She started down the row and stopped at the first cell. The inmate in the first cell said to her, “Is that a daffodil?”
She said, “Yes, it is.”
He said, “Could I smell it?”
She passed him the daffodil, and he smelled it. After a bit, he handed it back to her.
Soon each prisoner down the row wanted to hold and smell the daffodil.
One prisoner said, “That smells so good. I’ve heard that lilacs smell good too. I’ve never smelled one. I hope I can smell lilacs someday.”
She went down to the end of the row where a prison officer was standing. He said to her, “I had no idea these men were so sensitive and caring. I had no idea.”
What reality are you living in?
What reality were the guards living in?
Many people, perhaps most, think prisoners are insensitive, uncaring creatures who simply need to be punished.
How are we going to treat each other?
What are we like?
How do we talk to each other?
We are all humans who want to smell daffodils.
Sometimes we forget that we are all sensuous beings, and we get caught up in our mind’s reality. Those in prison may have thought (mistakenly) that it would be helpful to be violent to someone. I too have gotten caught up in that reality.
Whoever we are, we believe our version of reality.
What do we do with such a vision of reality?
How will we learn to live with ourselves and with one another?

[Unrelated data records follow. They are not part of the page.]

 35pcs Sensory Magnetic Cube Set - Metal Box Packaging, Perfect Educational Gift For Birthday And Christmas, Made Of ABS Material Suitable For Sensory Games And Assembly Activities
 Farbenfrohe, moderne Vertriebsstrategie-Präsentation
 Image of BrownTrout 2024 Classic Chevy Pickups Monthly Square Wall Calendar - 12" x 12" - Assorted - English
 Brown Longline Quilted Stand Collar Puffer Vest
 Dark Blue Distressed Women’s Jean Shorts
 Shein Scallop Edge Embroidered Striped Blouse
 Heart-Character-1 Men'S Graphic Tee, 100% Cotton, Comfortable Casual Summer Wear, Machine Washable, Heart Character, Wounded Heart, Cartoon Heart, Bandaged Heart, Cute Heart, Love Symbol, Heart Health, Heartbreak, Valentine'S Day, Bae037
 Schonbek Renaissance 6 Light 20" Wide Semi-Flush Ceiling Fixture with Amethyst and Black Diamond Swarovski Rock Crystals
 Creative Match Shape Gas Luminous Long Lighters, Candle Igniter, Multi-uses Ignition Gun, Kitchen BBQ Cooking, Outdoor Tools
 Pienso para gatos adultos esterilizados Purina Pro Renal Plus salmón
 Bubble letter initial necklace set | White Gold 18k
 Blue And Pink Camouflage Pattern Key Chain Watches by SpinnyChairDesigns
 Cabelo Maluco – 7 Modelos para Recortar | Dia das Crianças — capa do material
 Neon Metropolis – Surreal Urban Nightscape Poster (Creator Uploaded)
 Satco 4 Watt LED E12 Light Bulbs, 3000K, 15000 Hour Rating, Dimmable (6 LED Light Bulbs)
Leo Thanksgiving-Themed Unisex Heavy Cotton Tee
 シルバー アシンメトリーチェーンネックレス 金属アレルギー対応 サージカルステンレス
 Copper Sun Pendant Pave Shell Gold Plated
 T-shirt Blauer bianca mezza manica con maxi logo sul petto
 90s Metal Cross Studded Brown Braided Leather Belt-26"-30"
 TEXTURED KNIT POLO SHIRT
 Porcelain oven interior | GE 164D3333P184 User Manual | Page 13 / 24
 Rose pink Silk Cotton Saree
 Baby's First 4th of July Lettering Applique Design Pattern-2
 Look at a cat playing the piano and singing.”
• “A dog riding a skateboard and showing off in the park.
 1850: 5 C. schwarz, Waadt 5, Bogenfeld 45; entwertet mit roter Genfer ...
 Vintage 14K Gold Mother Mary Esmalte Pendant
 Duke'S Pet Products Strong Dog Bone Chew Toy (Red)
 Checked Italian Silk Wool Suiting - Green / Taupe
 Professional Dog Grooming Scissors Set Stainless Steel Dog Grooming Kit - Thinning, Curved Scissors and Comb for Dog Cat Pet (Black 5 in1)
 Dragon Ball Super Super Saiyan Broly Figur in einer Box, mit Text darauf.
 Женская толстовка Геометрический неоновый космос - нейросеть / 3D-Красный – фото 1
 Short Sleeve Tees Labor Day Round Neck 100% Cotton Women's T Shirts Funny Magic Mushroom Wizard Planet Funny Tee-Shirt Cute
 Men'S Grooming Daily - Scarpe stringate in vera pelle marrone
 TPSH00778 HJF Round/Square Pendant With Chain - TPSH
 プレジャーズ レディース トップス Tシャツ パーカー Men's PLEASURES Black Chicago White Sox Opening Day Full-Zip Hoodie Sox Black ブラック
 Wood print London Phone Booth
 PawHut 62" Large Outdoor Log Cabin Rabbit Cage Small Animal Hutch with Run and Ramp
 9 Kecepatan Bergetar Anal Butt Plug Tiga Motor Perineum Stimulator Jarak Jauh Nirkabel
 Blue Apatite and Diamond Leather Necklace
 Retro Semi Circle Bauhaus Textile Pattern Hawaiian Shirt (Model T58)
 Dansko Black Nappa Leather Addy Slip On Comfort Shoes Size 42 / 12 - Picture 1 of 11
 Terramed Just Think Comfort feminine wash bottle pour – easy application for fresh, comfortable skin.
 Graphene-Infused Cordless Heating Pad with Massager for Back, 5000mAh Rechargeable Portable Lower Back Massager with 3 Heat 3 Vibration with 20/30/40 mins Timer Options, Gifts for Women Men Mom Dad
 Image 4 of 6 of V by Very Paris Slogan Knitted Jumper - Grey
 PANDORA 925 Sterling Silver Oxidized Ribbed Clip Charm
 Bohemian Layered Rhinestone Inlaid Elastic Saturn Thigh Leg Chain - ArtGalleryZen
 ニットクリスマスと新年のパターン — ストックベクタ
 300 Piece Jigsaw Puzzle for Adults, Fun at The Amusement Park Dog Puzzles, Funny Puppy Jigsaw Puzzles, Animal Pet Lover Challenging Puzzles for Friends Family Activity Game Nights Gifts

This is difficult to talk about with anyone who is caught up in their own vision of reality. We pray that each of us can observe our awareness closely enough that we can relax a bit around our version of reality and start to notice how sensitive or caring the misbehaving person can be — a frightened, scared person, who may love to smell flowers. We don’t have to fix this person or beat them into submission. Then we can start to have a sense of peace and harmony. We can even have an experience of well-being and happiness with one another and with ourselves.